集中豪雨が揖斐川・牧田川上流に600mm超の大雨を降らせ、輪之内の揖斐川堤防の上すれすれまで水位が上昇し、南波排水機場工事現場の仮堤防が危険となりました。また、揖斐川左岸堤防の各所に亀裂が入りはじめ、特に福束橋南の堤防は60mにもおよぶズレを発生させて崩壊寸前となるほどでした。消防団や一部住民の必死の杭打ち・土嚢積み作業と並行して住民の避難が進められていたところ、対岸の養老郡で多芸輪中の堤防決壊によって川水がみるみる1m以上低下し、輪之内側での堤防決壊は免れました。
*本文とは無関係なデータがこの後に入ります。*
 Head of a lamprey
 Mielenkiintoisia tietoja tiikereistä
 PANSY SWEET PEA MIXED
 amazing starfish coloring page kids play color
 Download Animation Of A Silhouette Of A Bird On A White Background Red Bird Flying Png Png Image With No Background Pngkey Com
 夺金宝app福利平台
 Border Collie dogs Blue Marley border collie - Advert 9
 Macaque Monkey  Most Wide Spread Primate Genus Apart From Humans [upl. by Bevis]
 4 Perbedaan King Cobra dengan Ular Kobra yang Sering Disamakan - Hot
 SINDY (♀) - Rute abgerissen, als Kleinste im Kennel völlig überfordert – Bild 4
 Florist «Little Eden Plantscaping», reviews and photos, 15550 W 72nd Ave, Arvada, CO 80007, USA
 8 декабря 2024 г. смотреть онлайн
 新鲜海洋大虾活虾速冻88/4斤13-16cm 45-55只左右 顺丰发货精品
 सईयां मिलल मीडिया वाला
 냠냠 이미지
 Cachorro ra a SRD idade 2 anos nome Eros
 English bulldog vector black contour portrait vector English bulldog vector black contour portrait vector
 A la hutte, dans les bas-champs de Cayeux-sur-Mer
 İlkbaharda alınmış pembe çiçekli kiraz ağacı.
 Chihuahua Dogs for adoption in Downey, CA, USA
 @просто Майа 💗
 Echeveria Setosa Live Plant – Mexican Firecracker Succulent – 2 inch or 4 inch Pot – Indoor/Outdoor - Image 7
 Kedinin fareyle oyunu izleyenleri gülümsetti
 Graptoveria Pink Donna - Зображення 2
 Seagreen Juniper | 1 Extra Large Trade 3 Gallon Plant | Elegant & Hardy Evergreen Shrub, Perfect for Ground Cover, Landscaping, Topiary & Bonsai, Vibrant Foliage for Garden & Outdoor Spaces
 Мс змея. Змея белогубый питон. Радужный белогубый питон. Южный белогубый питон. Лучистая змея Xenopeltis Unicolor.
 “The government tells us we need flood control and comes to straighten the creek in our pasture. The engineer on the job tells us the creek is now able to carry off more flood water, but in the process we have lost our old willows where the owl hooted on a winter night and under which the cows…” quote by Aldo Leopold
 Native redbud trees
しかし、堤防の損傷は激しく、近くの田畑や家屋は大きな被害を受けました。また、対岸の堤防決壊による川の急激な水位低下で川底があがり、その反動で周囲の地盤が一気に沈下。揖斐川堤防沿いの家屋の大半が全半壊する被害が発生しました。なお、対岸の堤防が崩れる際、その岩が崩れ落ちるような音は輪之内側にもはっきりと聞こえていました。

昭和34年(1959年)9月 伊勢湾台風

1ヶ月前の豪雨から間もなくして
襲われた空前規模の台風

日本史に残る空前の規模の台風で、木曽三川は洪水状態となります。同年1952年の8月に起こった豪雨の傷も完全に癒えない状態の南波提では水位30cmの越流が始まりました。それと呼応するように、揖斐川堤防の各所で再び無数の亀裂が入り、住民の避難と消防団による必死の水防活動が始まりました。この時も、堤防の大崩壊寸前で再び対岸多芸輪中の堤防が切れて川が減水することが起こります。一方で、たくさんの川に囲まれた川西地区では堤防上30cmを超す越流にこらえきれず、6か所にわたって堤防が崩れ、塩喰・福束地区を中心として、輪之内でも大きな被害が発生することとなりました。

昭和36年(1961)6月 三十六・六豪雨

10日間の豪雨により、町内全域を泥海化

10日間以上にわたって降り続いた雨で町内全域が泥海化した上、長良川、揖斐川、牧田川で警戒水位を超えて堤防十数か所に漏れ水など危険な兆候が顕れました。町水防本部は水防警戒体制をとって危険個所に対して町をあげて水防活動を実施し、破堤の被害発生をくいとめています。しかし、町の洪水被害は甚大で、電気排水機が連日フル稼働で排水をしたにも関わらずなかなか減水できず、道路、橋、水路の他、水田や住宅の被害も大きいものとなりました。

犀川事件①原因

1922年(大正11年)に計画された国の治水計画で安八郡墨俣町の輪中堤を切断しするものがあった。この計画が実行されると安八郡の治水が悪化する恐れがあることから、安八郡は国との対立を強めていった。時代背景として大正デモクラシーで住民たちの政治への関心が高まっていたことも犀川事件に発展した要因のひとつとして考えれます。

昭和51年(1976)9月 九・一二水害

先人の知恵と最新技術に守れた輪之内町

台風17号による過去最大級の記録的な大雨により、長良川では警戒水位をはるかに超える8m近い高水位となりました。台風情報をキャッチしていた輪之内消防団は、連日の大雨の中万全の体制で警戒にあたり、危険個所発生の報が入るや否や、早急に補強を行うなど必死の対応をしていました。ついに避難命令が出るも、徐々に水位は下がり、災難を乗り越えたと思われた頃、輪之内上流部の安八町で長良川堤防が決壊し、濁流が流れ込んできているという一報が入り、町内でも再びの避難命令を知らせるサイレンがけたたましく鳴り響きました。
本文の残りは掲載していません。